Beau held me tightly and I took a deep breath. He got me a glass of water, and as I was drinking it, Monsieur Polk returned, looking even more despondent.

"What is it?" Beau asked.

"I've just gotten some bad news," he said. "They have a surprise witness."

"What? Who?" I asked, my mind searching through the possibilities.

"I don't know who it is yet," he said. "But I was told he could nail it down for them. Is there anything else you two haven't told me?"

"No, Monsieur," Beau said. "Absolutely nothing has been deliberately withheld. And everything we've told you is the truth."

He nodded, skeptically. "It's time to return," he said.

It was even more difficult to return to the courtroom than it was to first enter it. I felt like a specimen under a microscope. Everyone's gaze followed me down to the front of the courtroom, and people near us covered their mouths to whisper. It made me flush with a wave of heat that rose up my legs and over my face. Every old friend of Grandmere Catherine's was studying my every move, searching gestures for evidence to confirm my identity. The air was thick with their questions. Were Beau and I trying to pull off some scam? Or was our tale the truth?

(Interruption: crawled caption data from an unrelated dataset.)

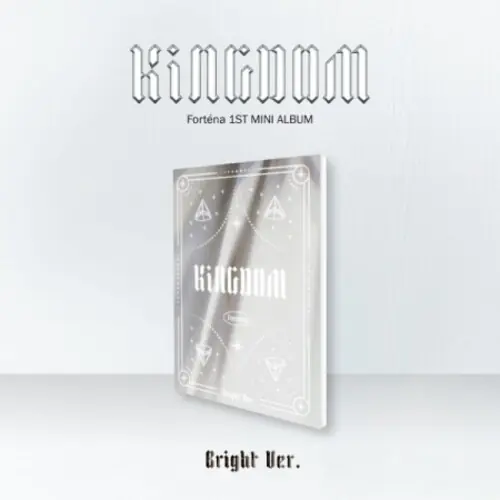 Mega Sale Kingdom - Bright Version (Post) (Pcrd) (Phob)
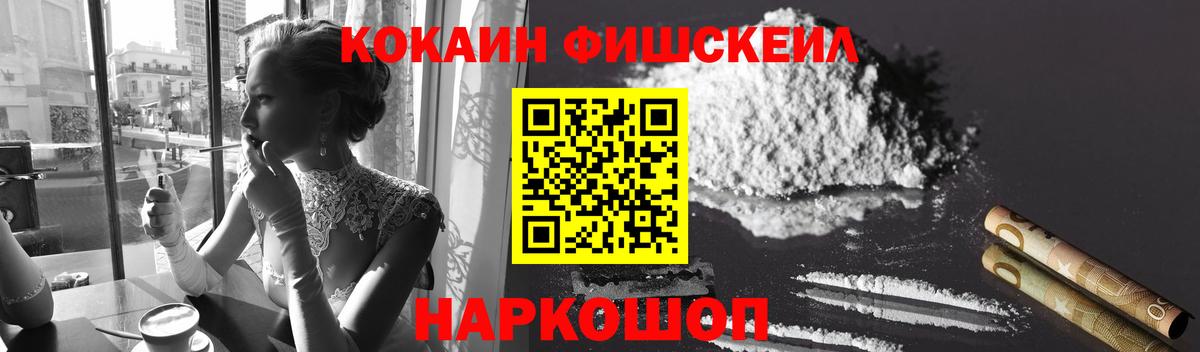 Сибай  Cocaine 99%  Кокаин FishScale  Вход с VPN 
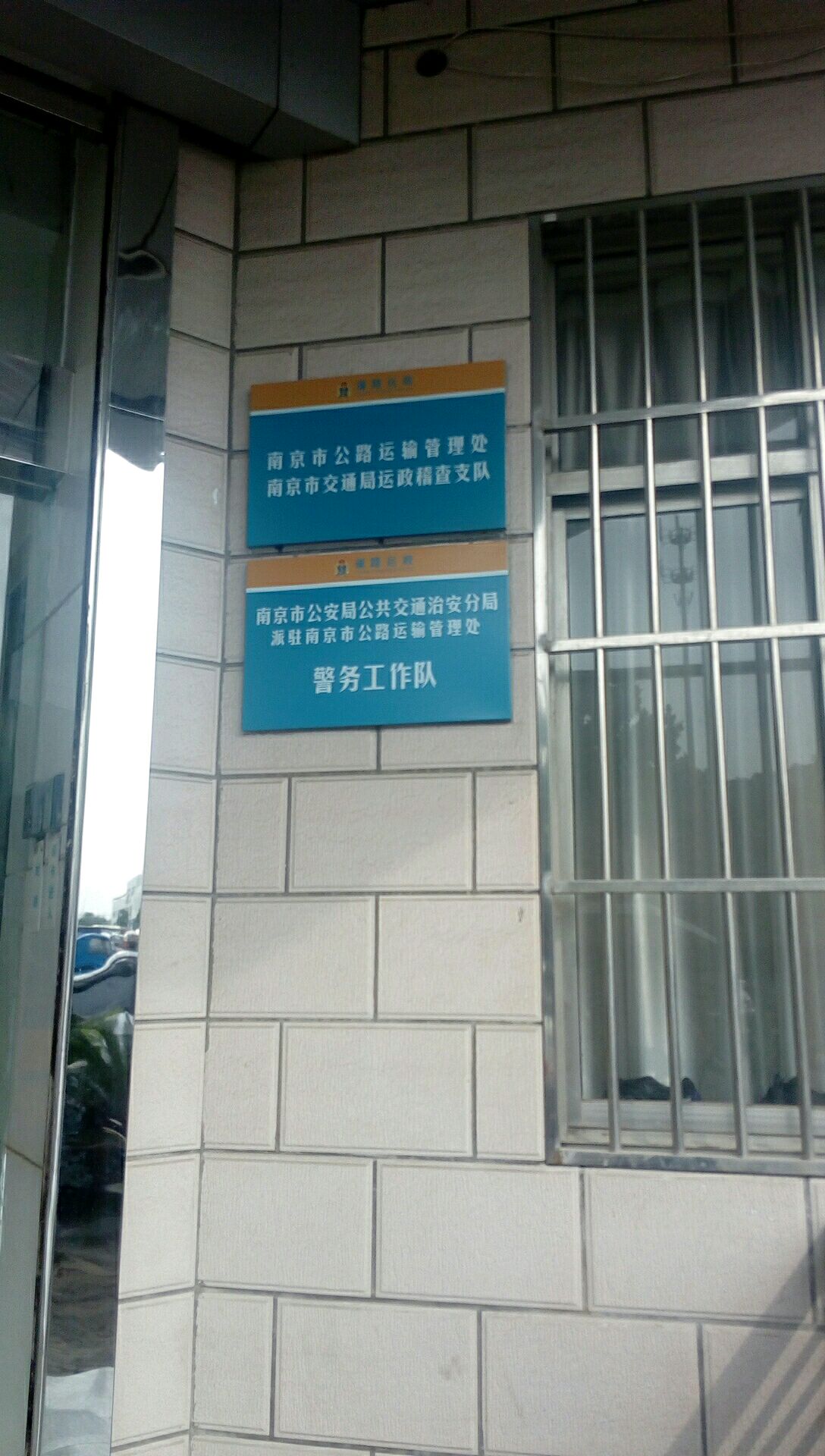 南京市公安局公共交通治安分局派驻南京市公路运输管理处警务工作队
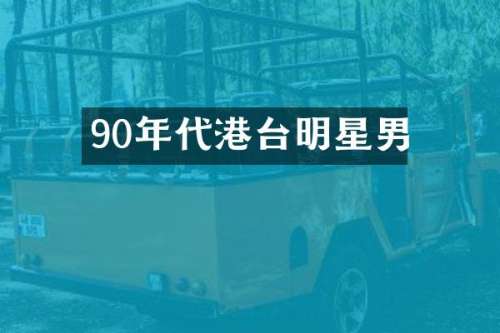 90年代港台明星男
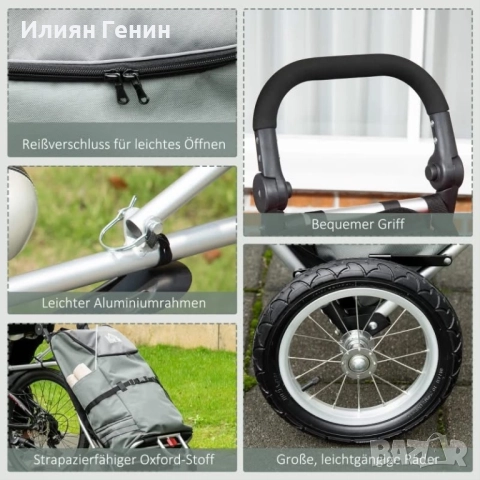 3в1 количка за пазаруване, снимка 4 - Детски колички - 52887967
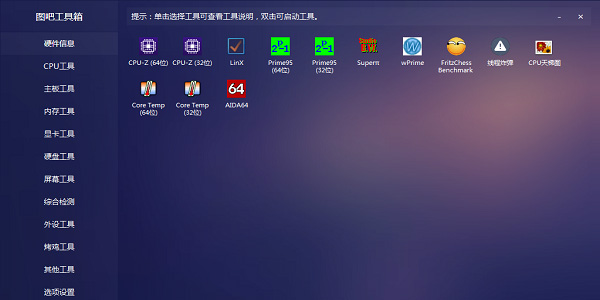 图吧工具箱官方下载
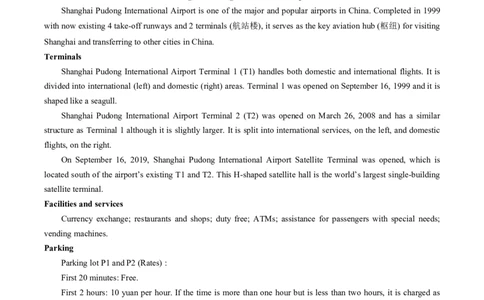 高一英语试题_2026年04月高一试卷_260421山西省晋城一中高一2026年4月月考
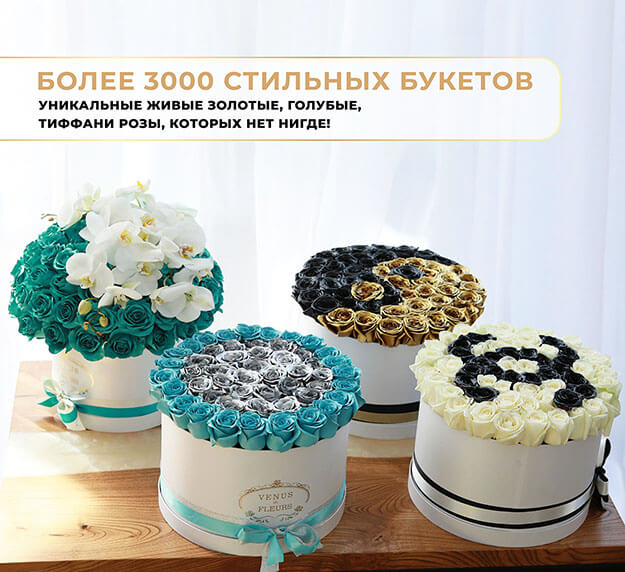Venus in Fleurs - доставка цветов ручной работы Москва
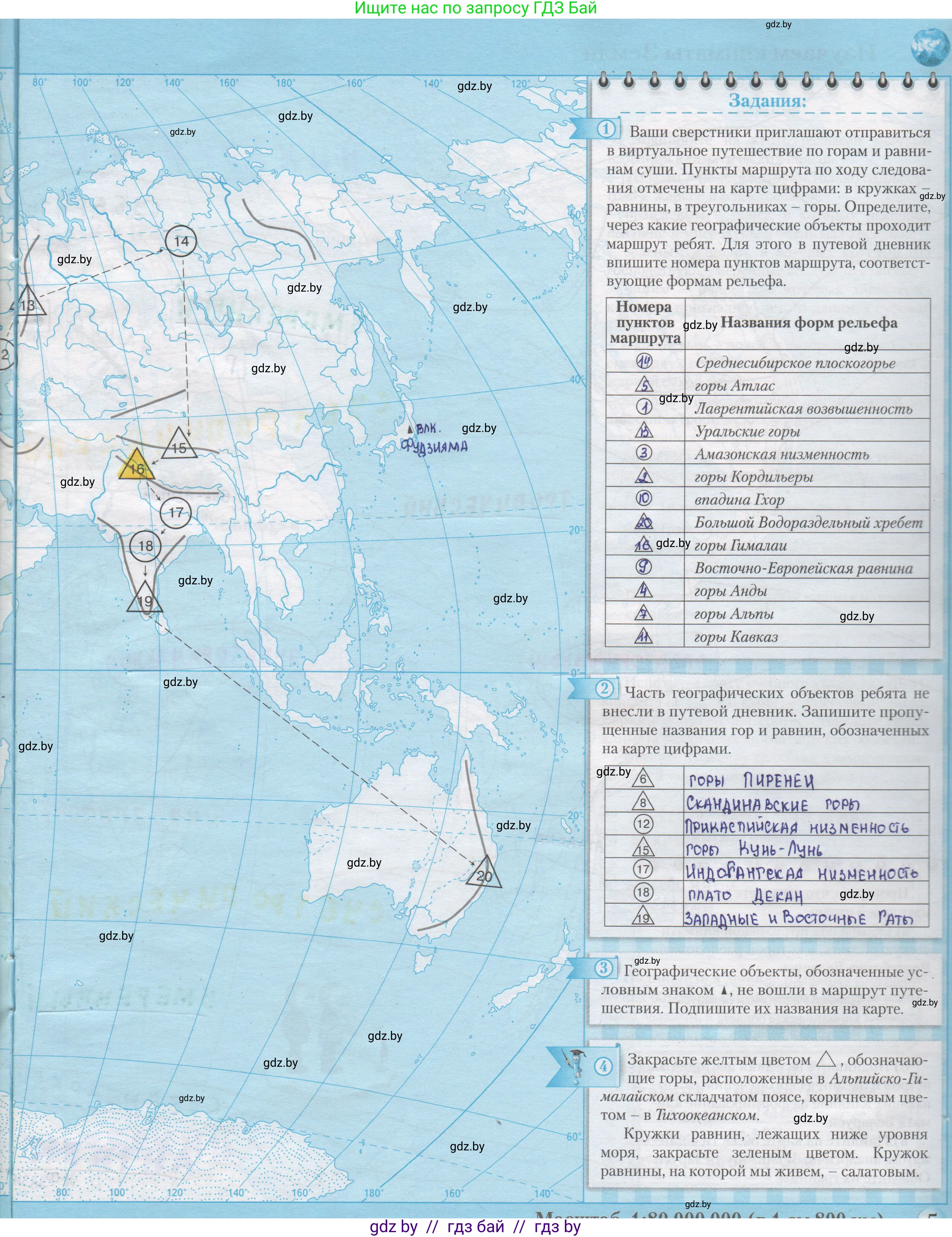 География, 7 класс Контурные карты, авторы: Кольмакова Елена Генадьевна, Сарычева Ольга Владимировна, издательство Белкартография, Минск, 2021, голубого цвета, страница 5, Решение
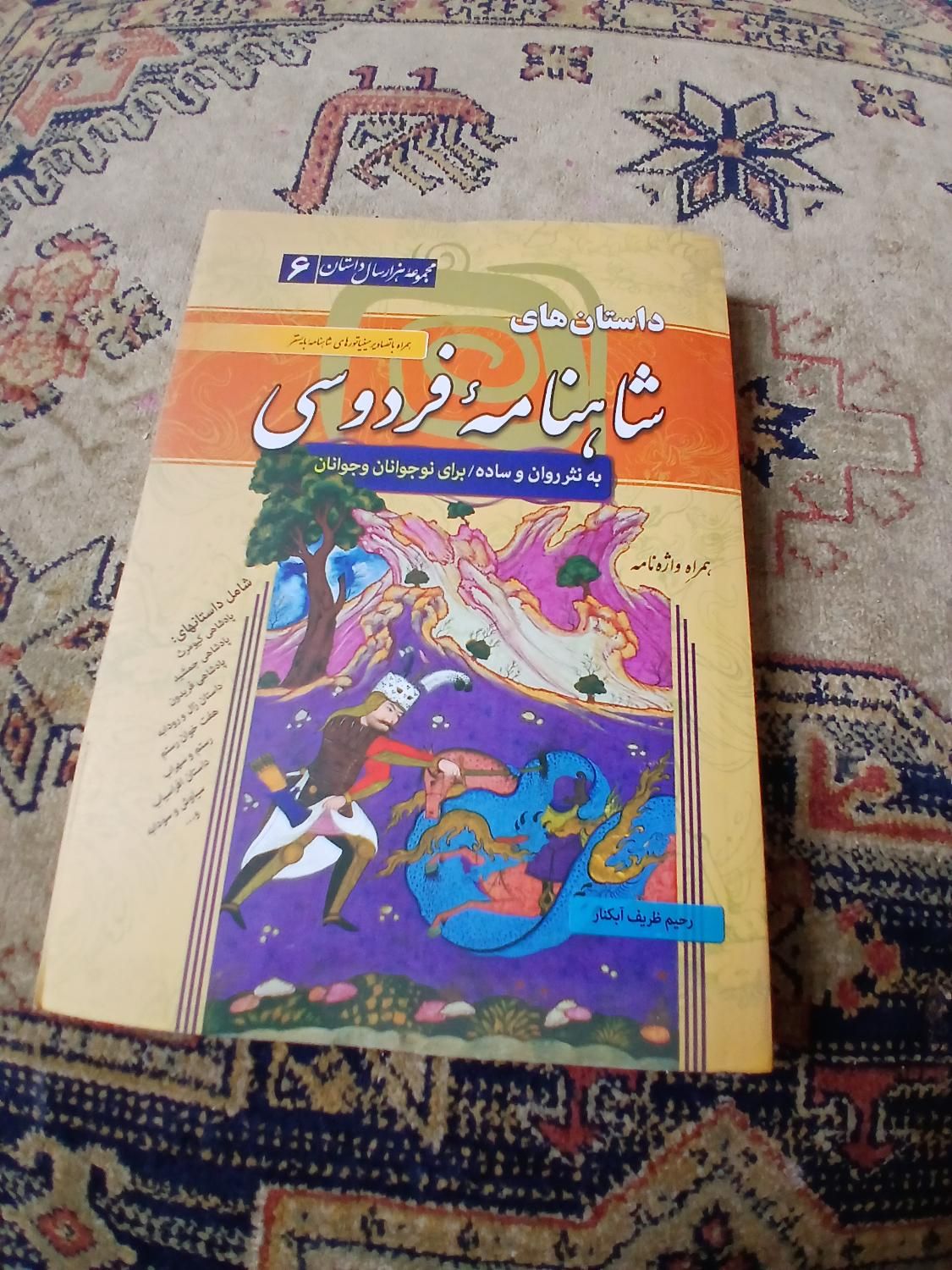 شاهنامه فردوسی|کتاب و مجله ادبی|تهران, باغ فیض|دیوار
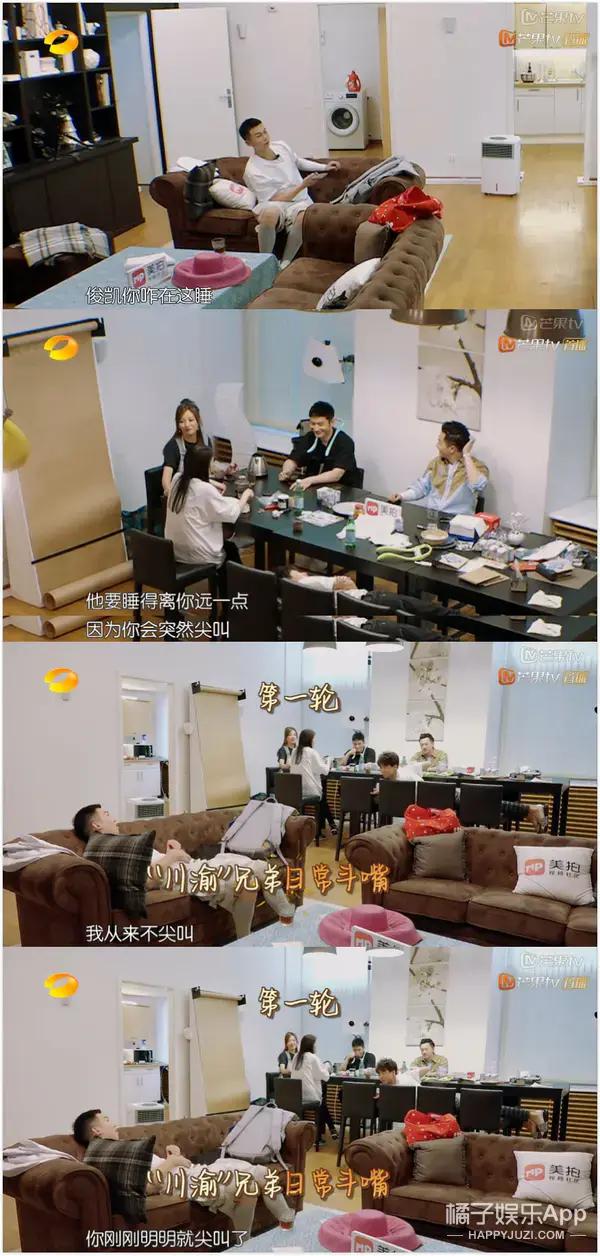 他都结婚了,我怎么还在追星...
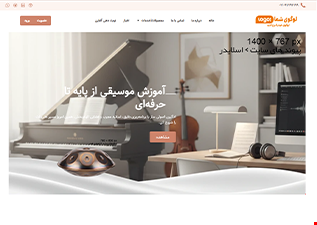 سایت شرکتی آنیتا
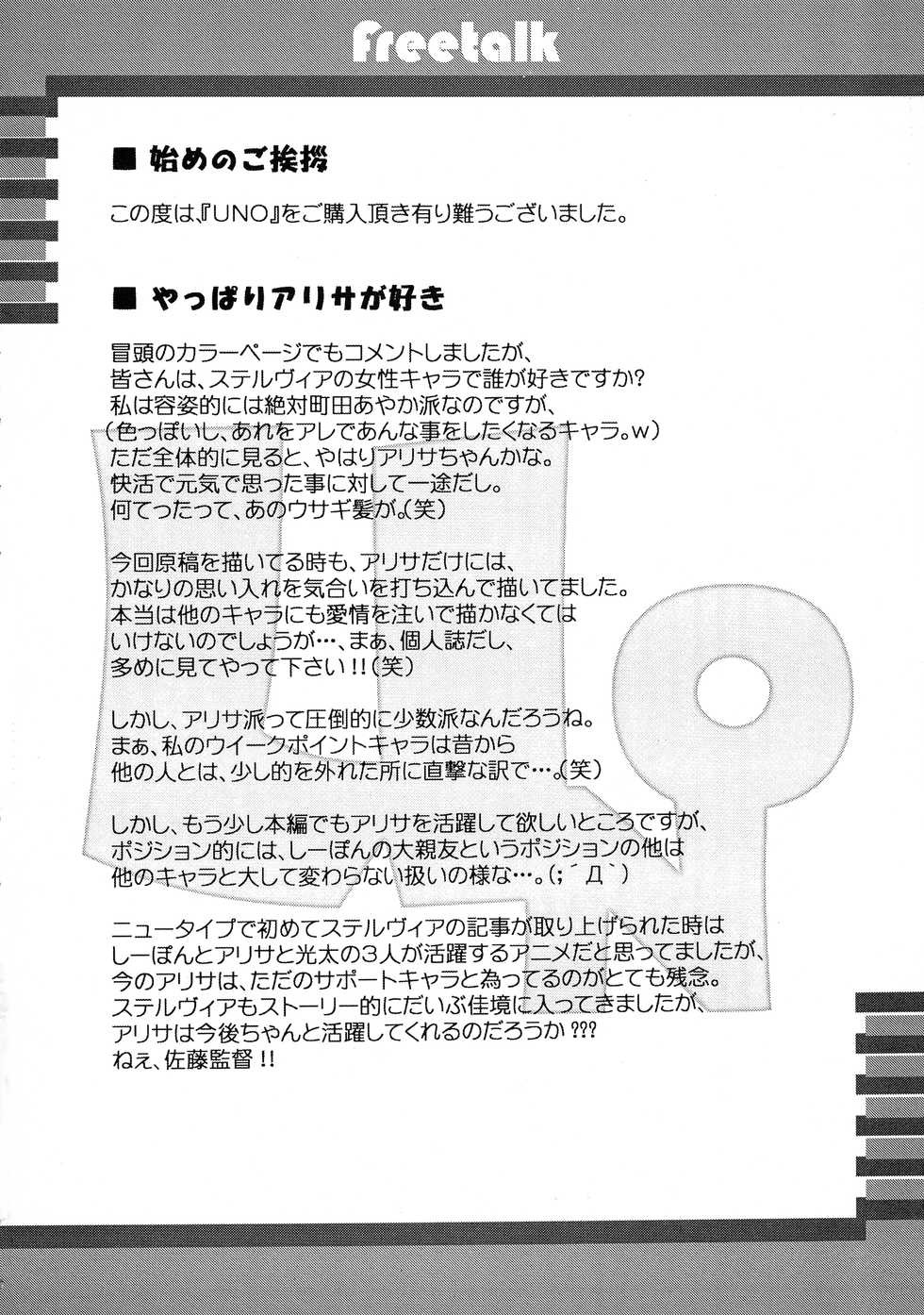 (C64) [Studio Retake (Kobayashi Masakazu, Takimoto Satoru)] Uno (Uchuu no Stellvia) - Page 10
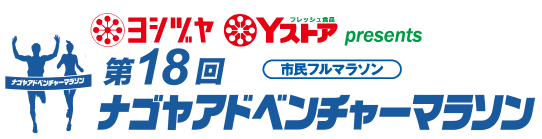 ナゴヤアドベンチャーマラソン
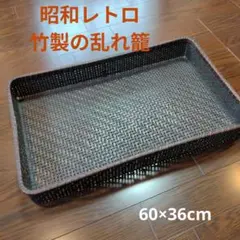 ★昭和レトロ・竹製の乱れ籠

We took our seats. Gladys Tate was already seated, steely-faced. Octavious sat staring blankly ahead. Jeanne whispered something to Toby, and Paul's sisters gazed at me angrily. A few moments later, Judge Barrow returned and the courtroom grew still.

"Monsieur Polk," he said. "Are you ready to continue?"

"Yes, Your Honor." Our attorney rose with the documents he had prepared for us to sign concerning the inheritance.

"Your Honor. My clients recognize that their motives for trying to regain custody of Pearl Tate might be misinterpreted. In order to alleviate such misinterpretations, we are prepared to offer the surrender of any and all rights to any spousal inheritance concerning the estate of Paul Marcus Tate." He stepped forward and brought the documents to the judge, who gazed down at them and then nodded at Monsieur Williams to come forward, too. He looked at the papers.